_THE PROBLEM_
Without any pictures, retype exactly the lines that begin at the one holding "Обзор motorola defy" and end at the last line of the data below.

* * *

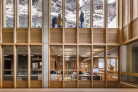Blick vom Atrium in ein Klassenzimmer und auf den Pausenhof am Hang | © Susanne Goldschmid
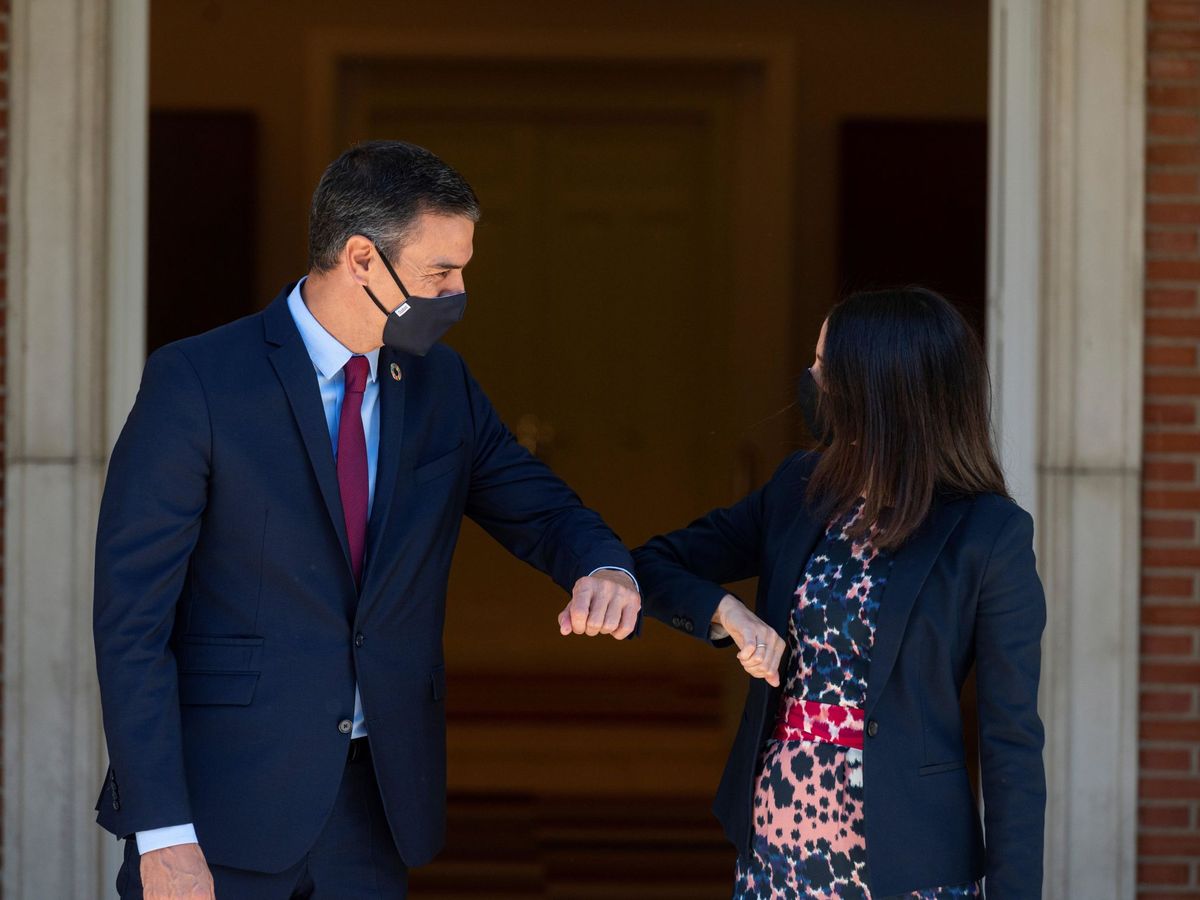 Foto: El presidente del Gobierno, Pedro Sánchez, recibe en la Moncloa a la líder de Ciudadanos, Inés Arrimadas. (EFE)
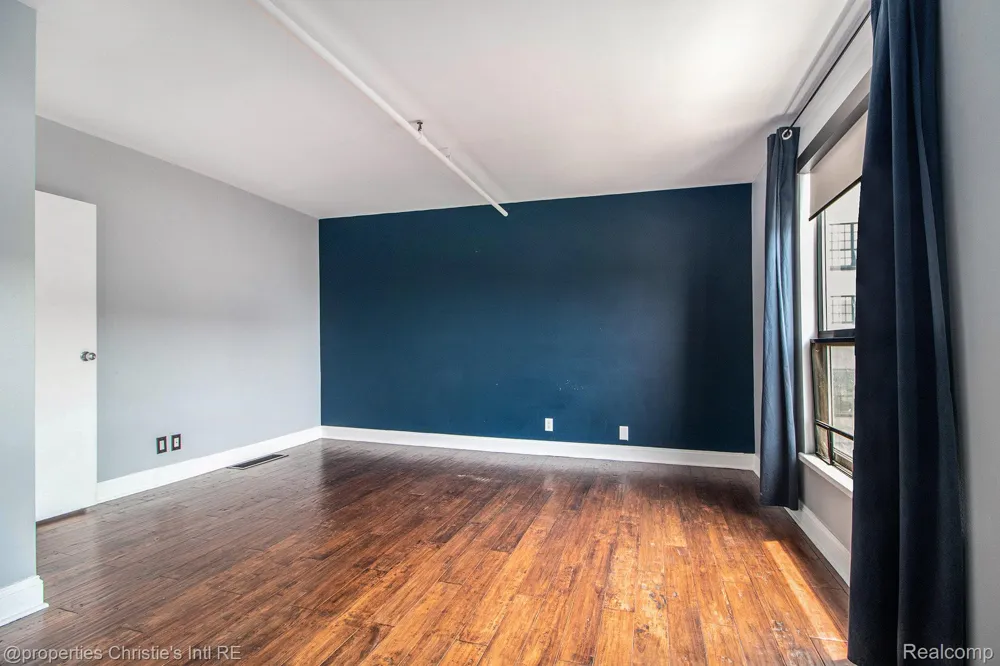 6533 E Jefferson #427 Detroit City, MI 48207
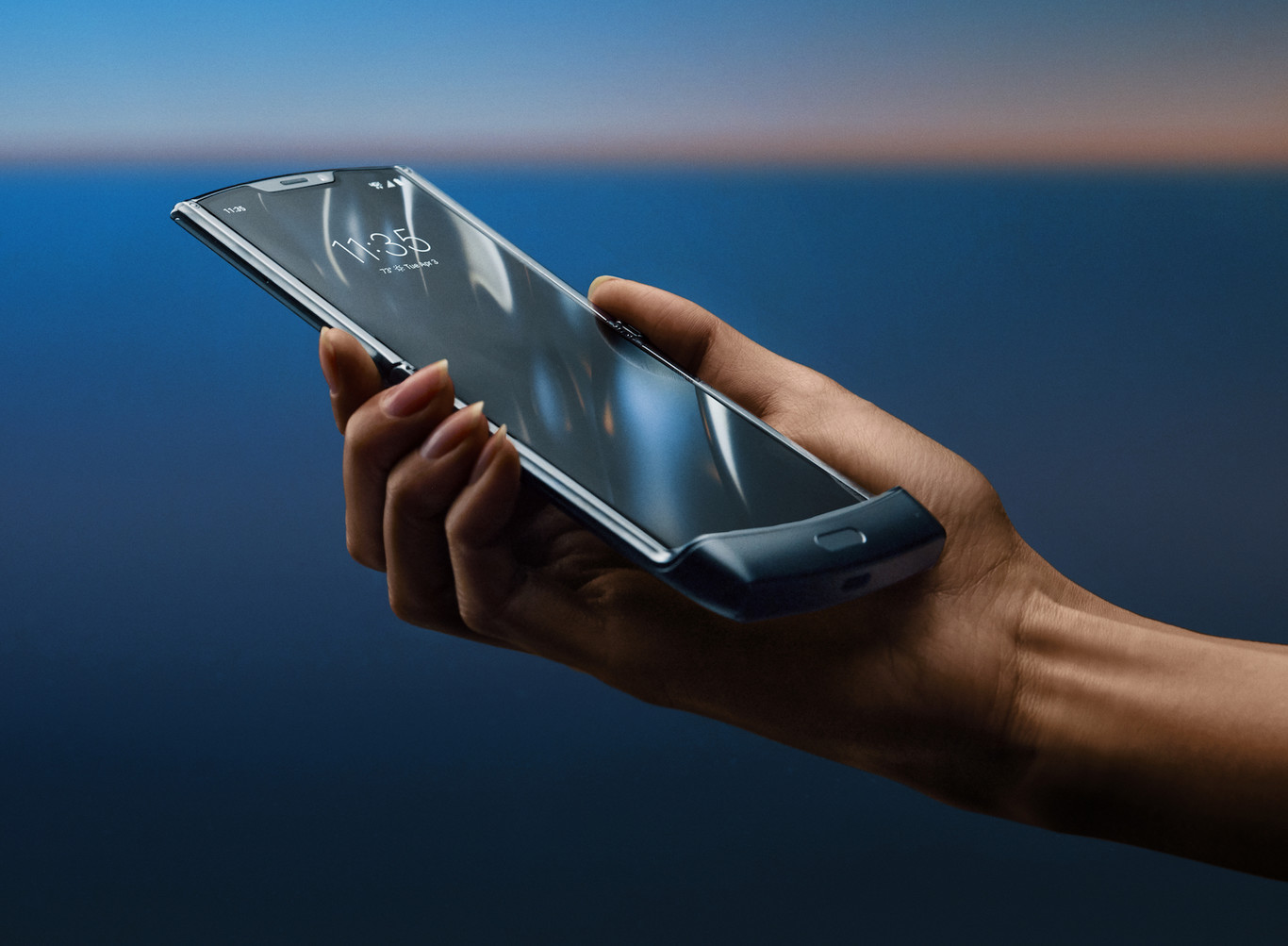 Обзор motorola defy (2021): все еще защищенный смартфон?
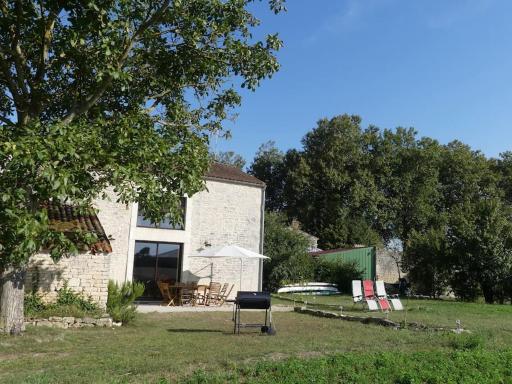 Les Chouettes Blanches - Housity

* * *

_WRITTEN RESPONSE_
 Обзор motorola defy (2021): все еще защищенный смартфон?
 Les Chouettes Blanches - Housity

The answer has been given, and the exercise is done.